Thousands of people fleeing Sri Lanka's war zone are arriving at hospitals with horrific injuries and severe trauma, doctors say.
Aid workers are also warning there could be a "bloodbath" as the war between the government and Tamil Tiger rebels enters what appears to be the final days.
The military says at least 100,000 civilians have poured out of the battle zone since Monday when troops blasted through a massive earthen wall built by the Tigers. But the United Nations says tens of thousands more could still be trapped there.
Some of the wounded are dying in buses on their way to hospital, according to doctors working round the clock to treat injuries from shelling and gunfire. Many patients are also deeply traumatised after seeing loved-ones killed in front of them.
"Almost everyone has left someone behind in the conflict area," said Karen Stewart, a mental health officer with medical agency Medecins Sans Frontieres.

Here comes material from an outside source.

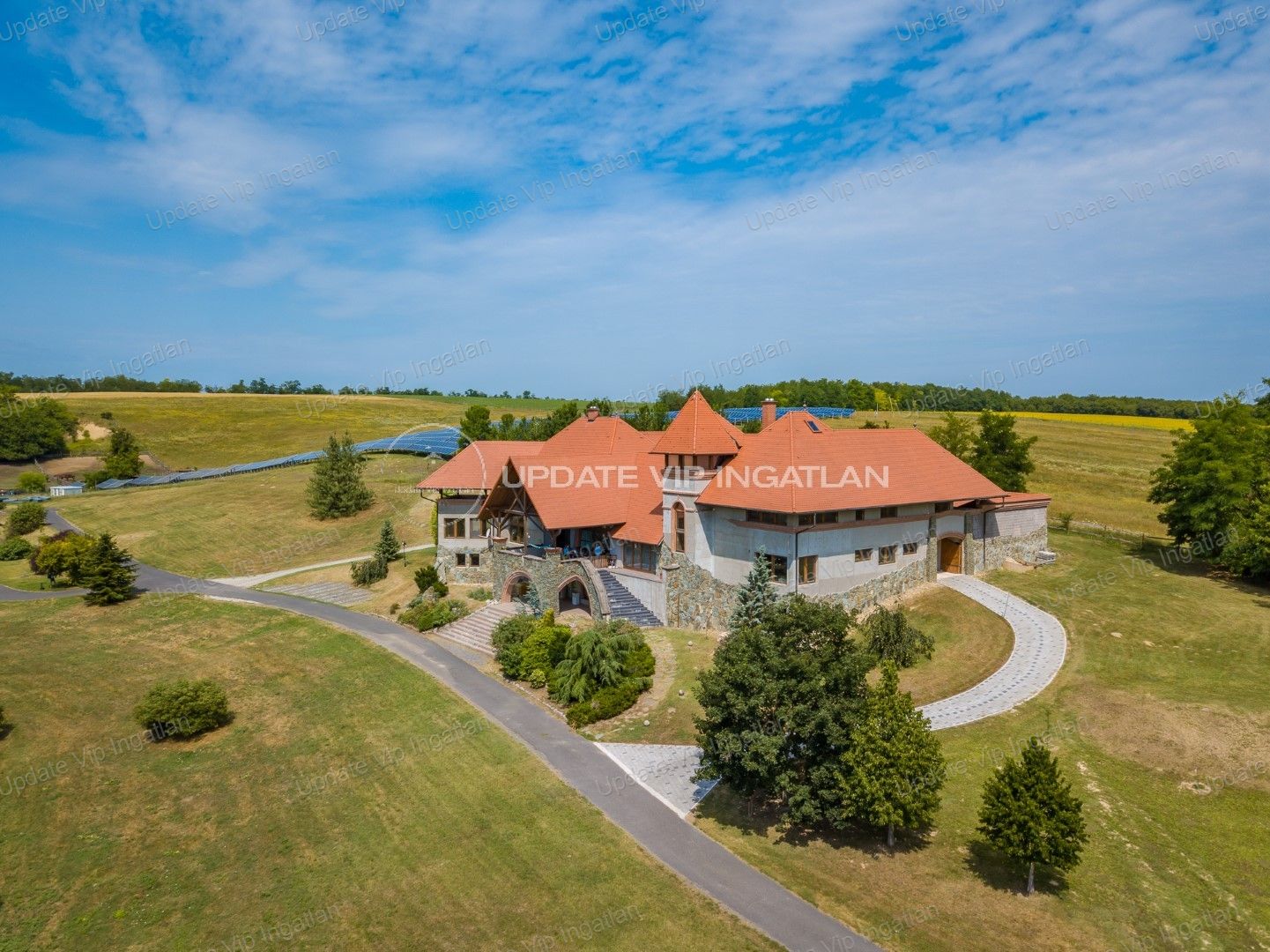 Siófok Eladó  Családi ház  Siófok Eladó  Családi ház Somogy megye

"Probably 85 percent of the people I've talked to have witnessed horrific things, like being in a bunker, and suddenly a shell goes and it's killed half the people in the bunker. Someone else I spoke to told me how she went out to find some water and when she came back
everyone in her bunker was dead."
Many of the injured are being treated at a field hospital in Pulmoddai in the military-controlled area outside the war zone after being evacuated by Red Cross ship.
"Blast injuries from shells are very common," said E G Gnanakunalan, a Red Cross doctor at the hospital. "Some people have lost limbs, some have abdominal injuries, some have head injuries."

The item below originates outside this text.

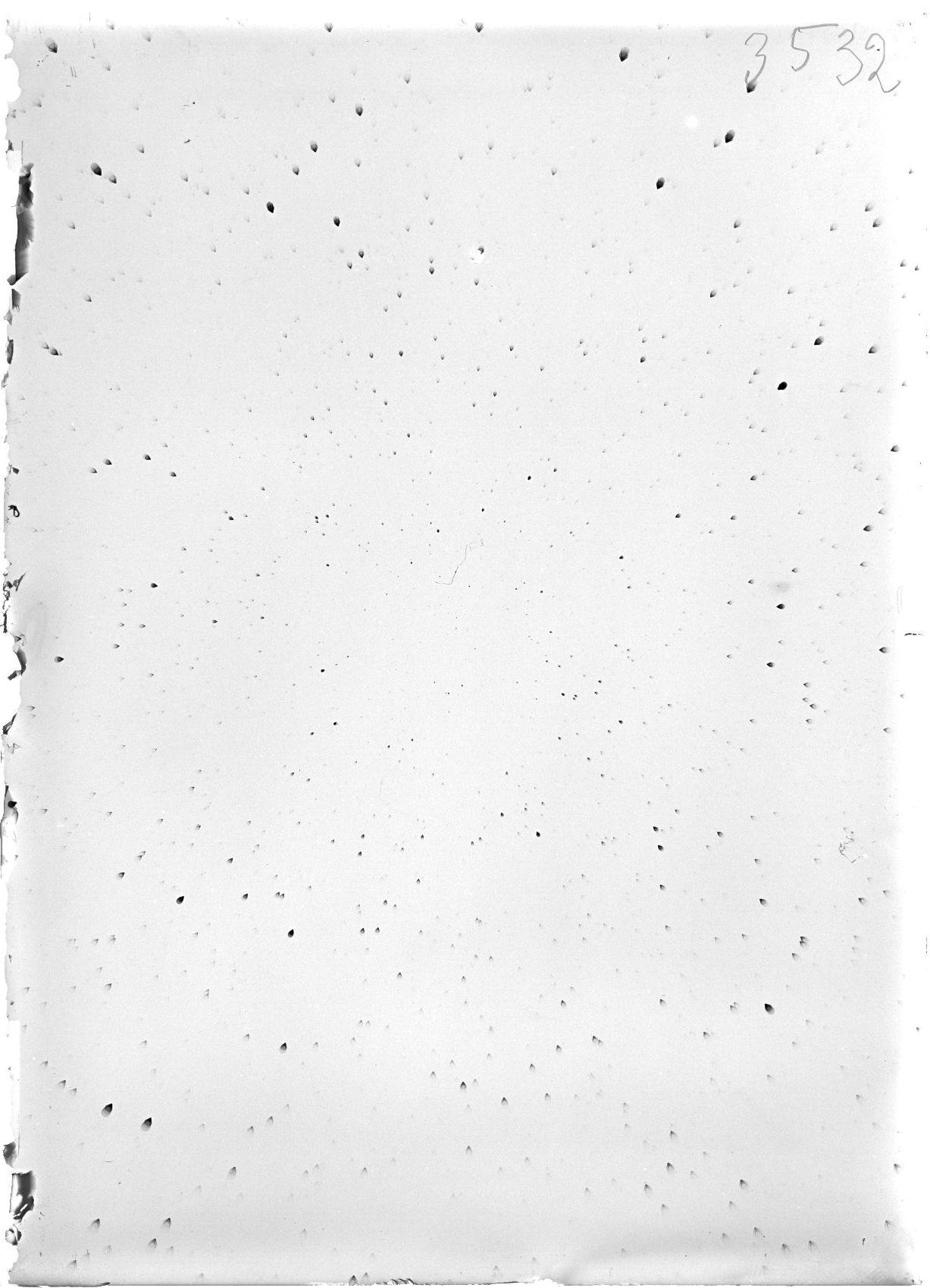 Scan ST03532
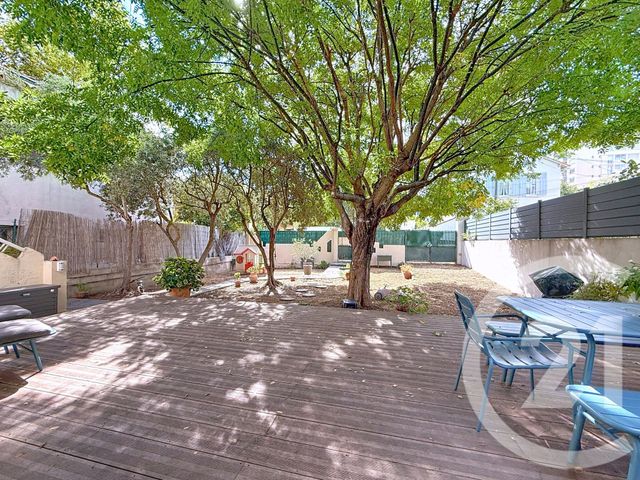 Afficher la photo en grand maison à vendre - 4 pièces - 93.17 m2 - MARSEILLE - 13009 - PROVENCE-ALPES-COTE-D-AZUR - Century 21 Coeur Neuf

He said three to four ships had been arriving every week from the war zone Â? a narrow strip of land on the northeast coast. Each ship brought about 500 patients.
"One lady came and she had been eating with her husband and children. A shell fell in the house and her husband and some of the children died and she lost both her legs. She was crying and asking what would she do in future. There are a lot of sad stories," Gnanakunalan said.
"They need some kind of psychological support. They are mentally and physically tortured."
Gnanakunalan said the field hospital had received more than 6,400 patients since mid-March.
TRAUMA
The government is putting people arriving from the war zone into temporary camps in Vavuniya which are fast reaching maximum capacity.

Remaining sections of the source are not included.